Notre gouvernement a fourni et continue de fournir un appui important pour aider les enfants et les jeunes dans cette situation. Et, nous continuons nos efforts pour améliorer la santé des femmes, afin de diminuer la mortalité maternelle et infantile. Mais nous devons faire plus. Garder les enfants en vie n'est qu'une partie de l'équation. Nous voulons que ces enfants et ces jeunes puissent grandir et prospérer. Pour cela, nous voulons leur offrir une éducation et une formation de base de qualité, afin qu'ils puissent mener des vies productives et bien remplies, et qu'ils puissent participer pleinement à la vie de leur collectivité. Cela s'avère particulièrement important à l'heure actuelle, alors qu'on prévoit une forte croissance démographique dans ce groupe de la population. À l'heure actuelle, dans 67 pays, jusqu'à 60 p. 100 de la population a moins de 30 ans. D'ici 2020, quelques-uns des pays les plus pauvres du monde et, souvent, les plus politiquement instables, compteront les plus fortes populations de jeunes — entre autres, l'Afghanistan, le Pakistan et la Colombie, de même que certains pays d'Afrique. C'est pourquoi il est impératif d'améliorer de façon tangible la vie des enfants d'aujourd'hui, si nous voulons un avenir où règnent la stabilité et la sécurité.

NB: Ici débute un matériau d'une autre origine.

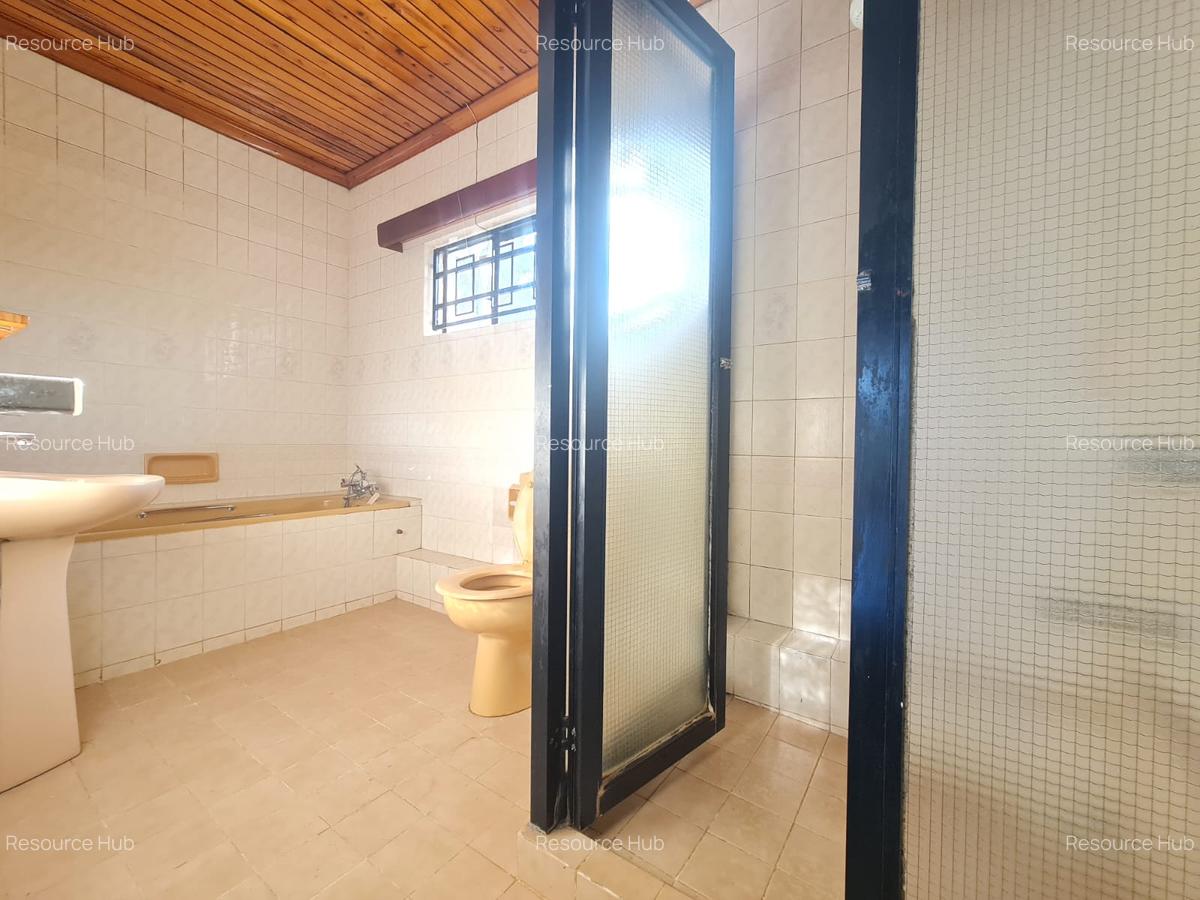 4 Bed House with En Suite at Nyari - 15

Ces trois thèmes que je viens d'exposer — la sécurité alimentaire, la croissance économique et les enfants et les jeunes — seront au coeur des activités de l'ACDI dans les mois qui viennent. Mais, nous le voyons bien en Afghanistan: il ne peut pas y avoir de développement sans sécurité et stabilité.
Un milliard de personnes, parmi les plus pauvres de la planète, habitent actuellement dans des États où les activités criminelles, la violence, l'insécurité et la sédition font partie de leur réalité quotidienne. Assurer la sécurité et la stabilité est de la plus haute importance, et les mesures prises par le Canada mettront à profit son esprit d'engagement et les leçons apprises dans des pays tels que l'Afghanistan, Haïti et le Soudan. Nous visons à tout mettre en oeuvre pour que les besoins fondamentaux des gens soient comblés, tout en aidant les pays qui le souhaitent à acquérir leur autonomie gouvernementale. Au lieu de la dépendance à l'aide, nous visons la responsabilité et la prise en charge locale des projets et des programmes. Pour y parvenir, le principe de la bonne gouvernance doit être intégré à toutes nos activités dans les pays en développement — tout comme de bonnes pratiques de gestion et de viabilité environnementales.
Pour terminer, monsieur le président, notre gouvernement s'est engagé à rendre le Programme d'aide internationale du Canada plus efficace, plus ciblé et plus responsable — bref, meilleur.
Le déliement de l'aide, la décentralisation, une plus grande responsabilisation et des priorités thématiques et bilatérales mieux ciblées: voilà les mesures que nous prenons pour y parvenir. Établir des priorités signifie essentiellement faire des choix. Cependant, je demeure persuadée que notre programme pour accroître l'efficacité de l'aide reflète les valeurs de tous les Canadiens. Nous sommes déterminés à faire en sorte que notre aide améliore de façon tangible la vie des gens qui sont dans la pauvreté.
Monsieur le président, merci de m'avoir donné aujourd'hui l'occasion de m'exprimer devant le comité.
[Français]
Je me ferai maintenant un plaisir de répondre à vos questions.
Merci.
:
Merci infiniment de votre question.
Pour ce qui est des organismes internationaux multilatéraux, en général, nous voulons nous assurer que, lorsque l'ACDI accorde des crédits à un organisme, ce dernier sera en mesure d'atteindre les objectifs et d'obtenir les résultats que nous lui avons fixés; il s'agit donc de favoriser les organismes les plus efficaces et les mieux gérés.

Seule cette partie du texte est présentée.